La guerra de Kosovo encontraría, en cambio, a la Santa Sede del otro lado. No a favor de Slovodan Milosevic, desde luego, pero sí en contra de los bombardeos sobre Belgrado, asumiendo una incómoda y solitaria posición internacional. La diplomacia de la Santa Sede reclamó la ayuda de Rusia y de Naciones Unidas para cerrar la herida abierta en el corazón de Europa. Pero la movilización no tuvo efectos, aunque permitió al Papa estrechar los lazos con las iglesias ortodoxas (todas proserbias), con la perspectiva, todavía no satisfecha, de un viaje a Moscú.

Al menos en una ocasión, la reciente guerra en Afganistán, el Vaticano se ha expresado con dos voces contrapuestas. Por un lado la del Papa, que condenó los atentados del 11-S, pero se pronunció por la paz, y por otro la de la jerarquía, que hizo esfuerzos desesperados por dar una cobertura moral a la guerra contra el terrorismo iniciada por los Estados Unidos sin alejarse demasiado de la posición de Juan Pablo II. Los reiterados llamamientos del Papa a la paz fueron ignorados por George W. Bush. Después de todo, el Pontífice había desoído también a la Casa Blanca cuando decidió establecer relaciones diplomáticas con la Libia de Muammar el Gadafi, en marzo de 1997. Los errores del dirigente libio eran evidentes para las potencias occidentales, pero la Santa Sede aplicó los criterios de Juan XXIII y supo recuperar al "que yerra".

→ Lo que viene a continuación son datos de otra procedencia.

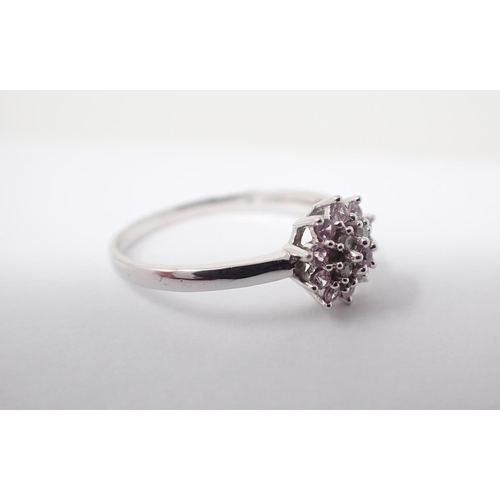 152 - A Pink and White Diamond Cluster Ring peg-set brilliant-cut stones in 9ct white gold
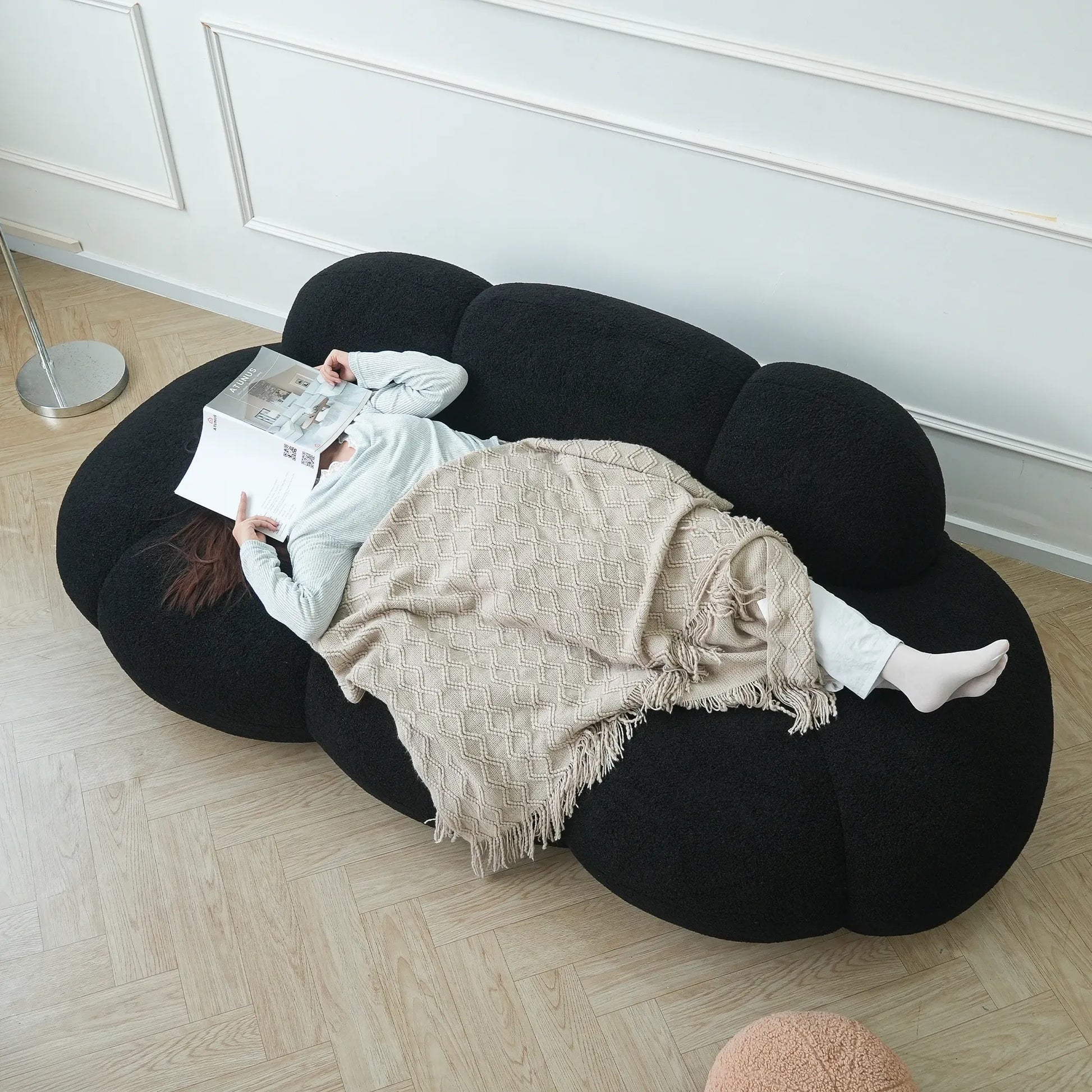 Person lying on a unique black bean-shaped sofa reading a newspaper.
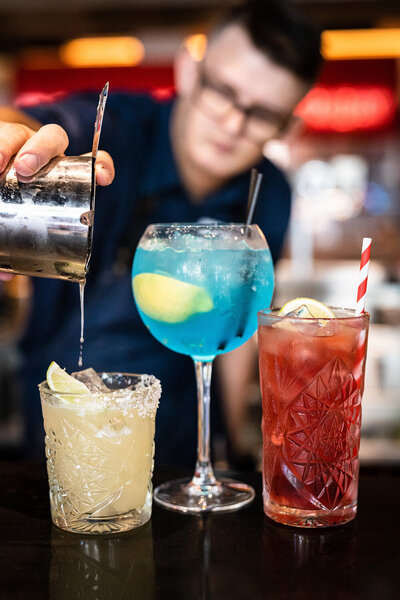 Corporate branding photography on the Central Coast showing a bar tender pouring colourful cocktails. The drinks are close to the camera, whilst the bar tender is blurred in the background.
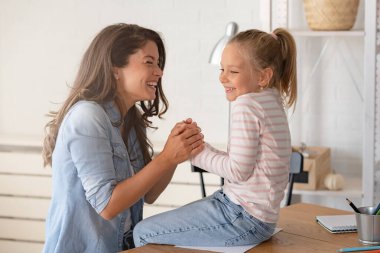 Neşeli ve sevecen bir an, neşeli bir anne ve kızının sıcak gülümsemelerini, kucaklaşmalarını ve birlikte eğlenmelerini gözler önüne seriyor..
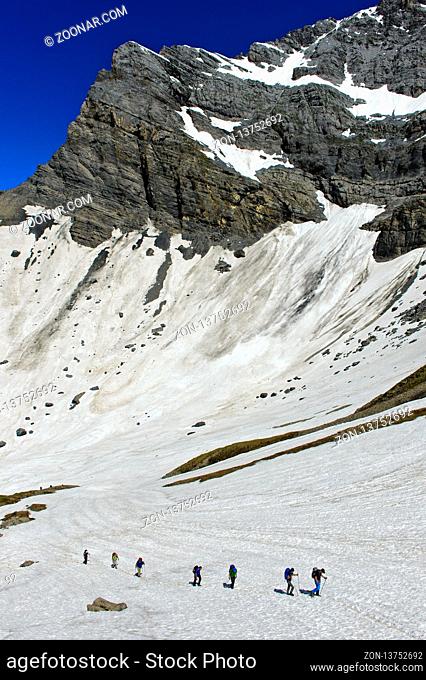 Alpinisten überqueren ein Schneefeld im Salentse Kar auf dem Weg zur Rambert Hütte, Grand Muveran Massiv hinten, Ovronnaz, Wallis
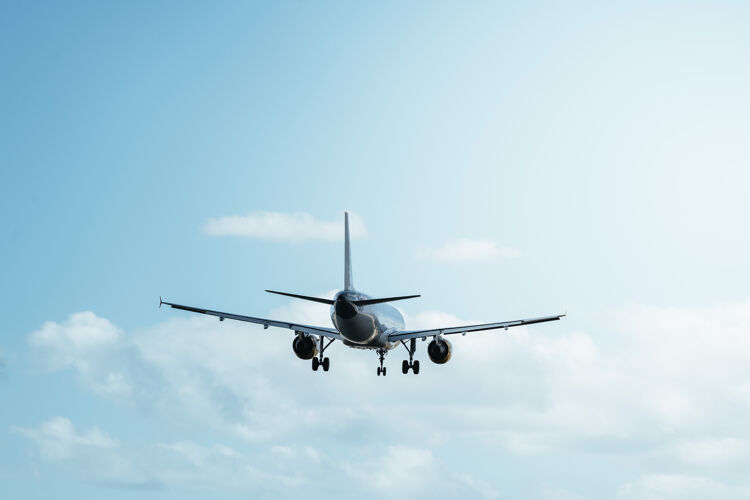 航空公司在晴朗的蓝天上飞行的后视图航空机场旅程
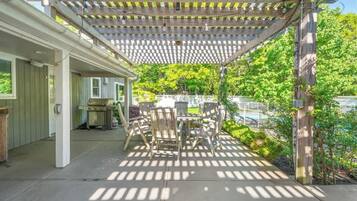 An outdoor patio with a wooden pergola, a dining table with chairs, and a view of a swimming pool and greenery.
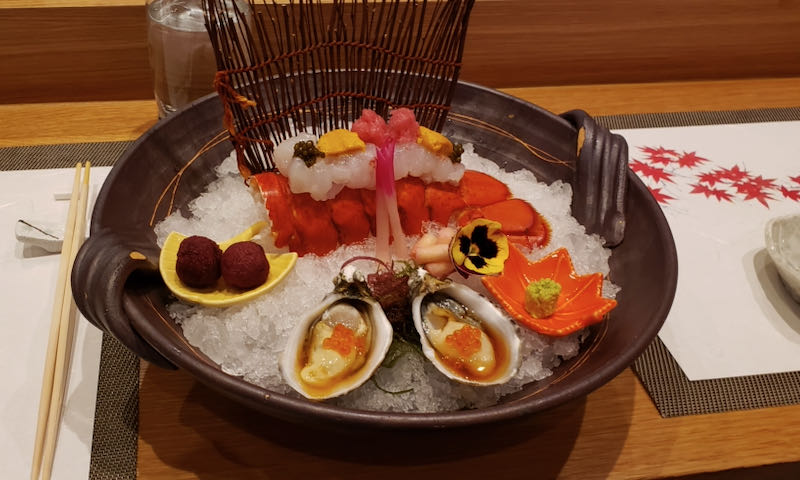 Oysters and sushi rolls sitting atop a bowl of ice, with a decorative flower in the center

Todos los conflictos llevan a Jerusalén

Detrás de la firme oposición del Vaticano a la guerra contra Irak subyace -consideraciones humanitarias aparte- el caso palestino. Tanto el Papa como los principales responsables de la diplomacia de la Santa Sede han ligado siempre la solución al problema que representa Sadam Husein en Oriente Próximo con la del viejo contencioso palestino-israelí. Tradicionalmente, la diplomacia vaticana ha apoyado la causa palestina, aunque el Papa ha intentado equilibrar este apoyo con constantes condenas al terrorismo de los extremistas palestinos. Uno de los motivos que justifican esta postura es Jerusalén, Ciudad Santa a la que el Vaticano es partidario de otorgar un estatus internacional, en total oposición a las pretensiones judías. La tensión con Israel ha sido siempre grande, hasta el punto de que las relaciones diplomáticas entre los dos Estados no se establecieron hasta 1994. Diversos cardenales de la Curia romana han acusado abiertamente a los medios de comunicación estadounidenses (en los que la influencia judía es grande) de haber manipulado el escándalo de los curas pederastas en EE UU que estalló hace un año, con el único objetivo de dañar la reputación de la Iglesia católica.